• [DATASET SECTION]:
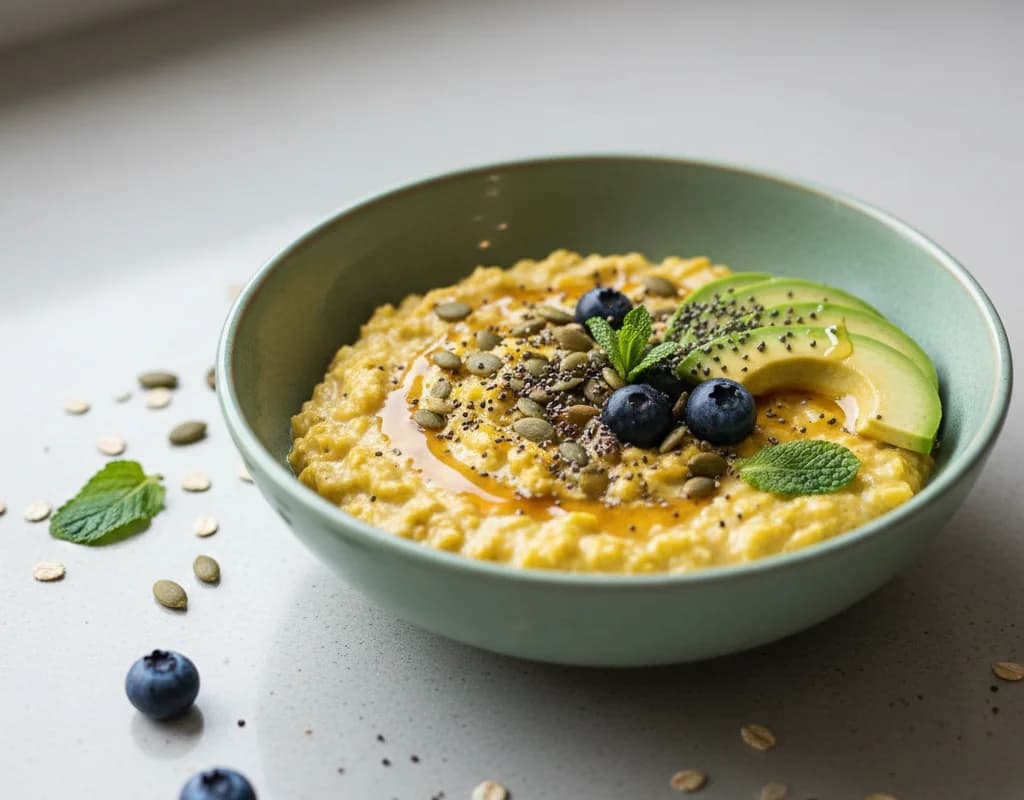 Egg Oats Bowl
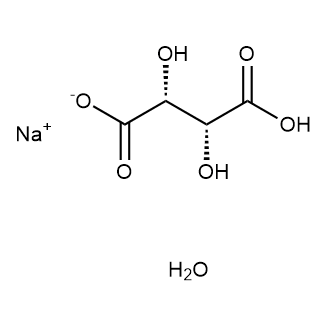 Sodium bitartrate monohydrate Vetec(TM) reagent grade, 98%;Sodium L(+)-tartrate monobasic;SODIUM BITARTRATE, MONOHYDRATE;SODIUM HYDROGEN TARTRATE;SODIUM HYDROGEN TARTRATE MONOHYDRATE;TARTARIC ACID MONOSODIUM SALT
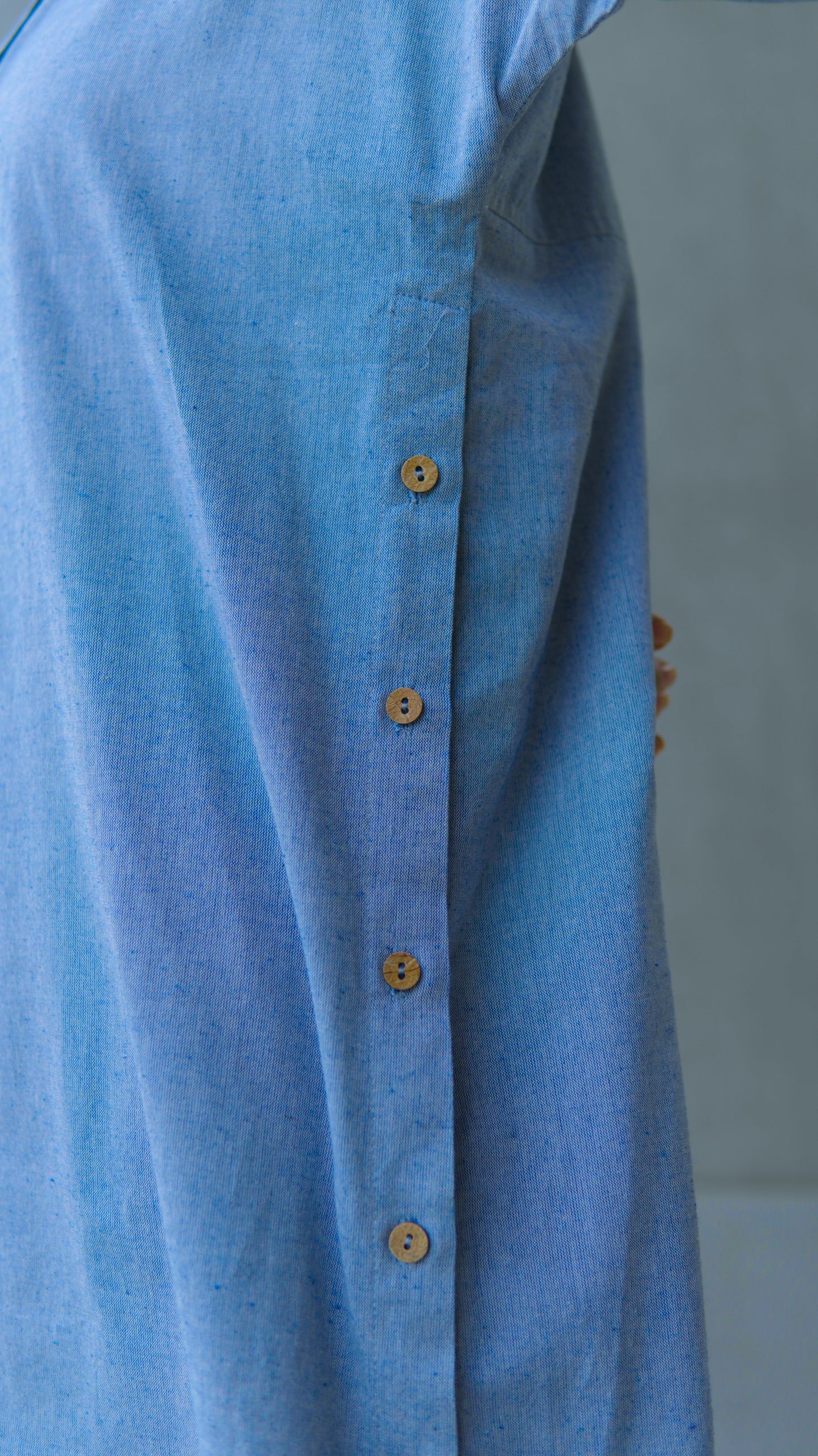 Sky Blue Tunic Dress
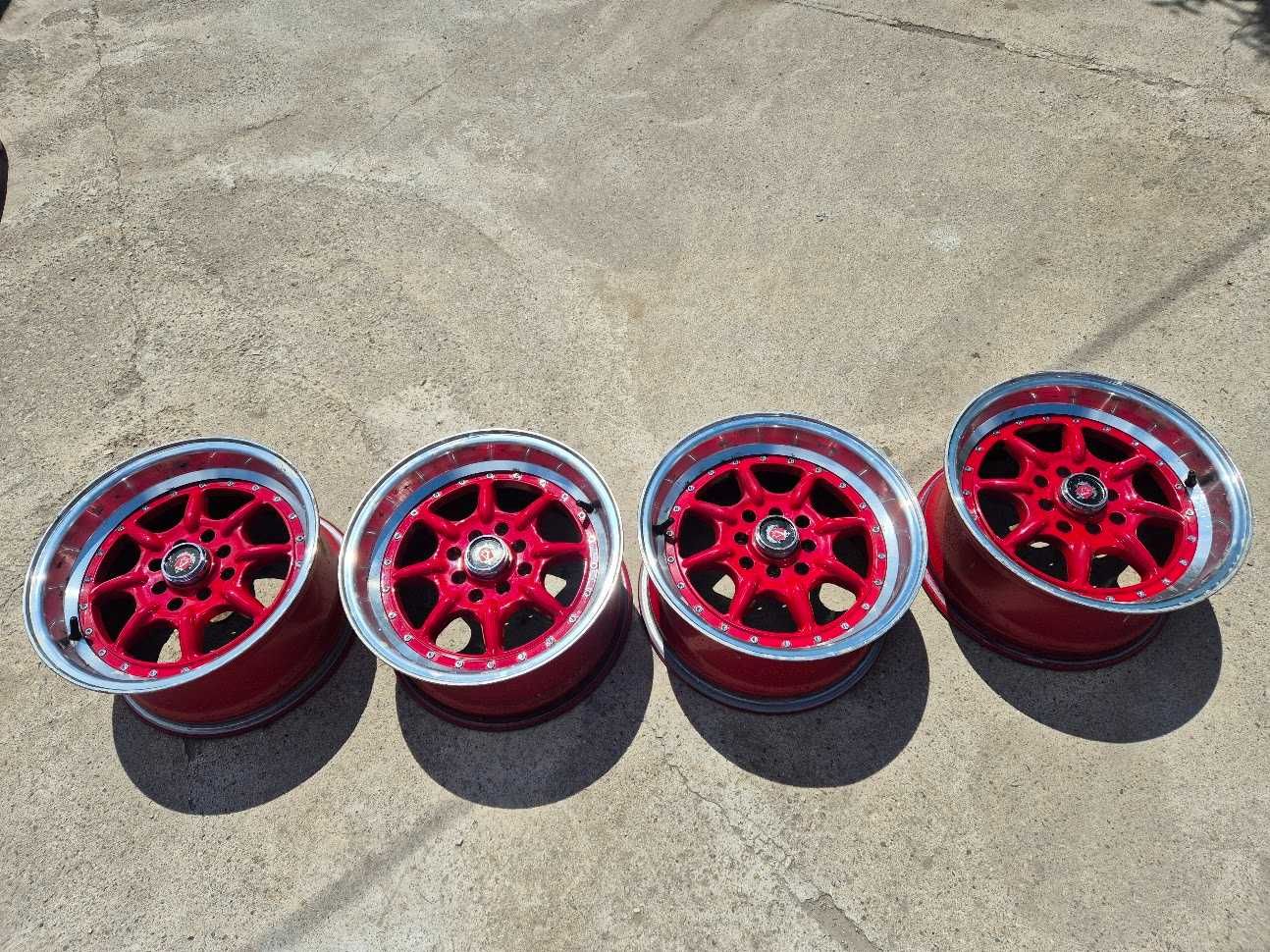 Продавам джанти Axe Ex 2wo Red, 15 цола, 4х100 и 4х114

• [TASK STATEMENT]: Write out all the material above exactly, with no image carried over.

• [OUTPUT BELOW]:
 Egg Oats Bowl
 Sodium bitartrate monohydrate Vetec(TM) reagent grade, 98%;Sodium L(+)-tartrate monobasic;SODIUM BITARTRATE, MONOHYDRATE;SODIUM HYDROGEN TARTRATE;SODIUM HYDROGEN TARTRATE MONOHYDRATE;TARTARIC ACID MONOSODIUM SALT
 Sky Blue Tunic Dress
 Продавам джанти Axe Ex 2wo Red, 15 цола, 4х100 и 4х114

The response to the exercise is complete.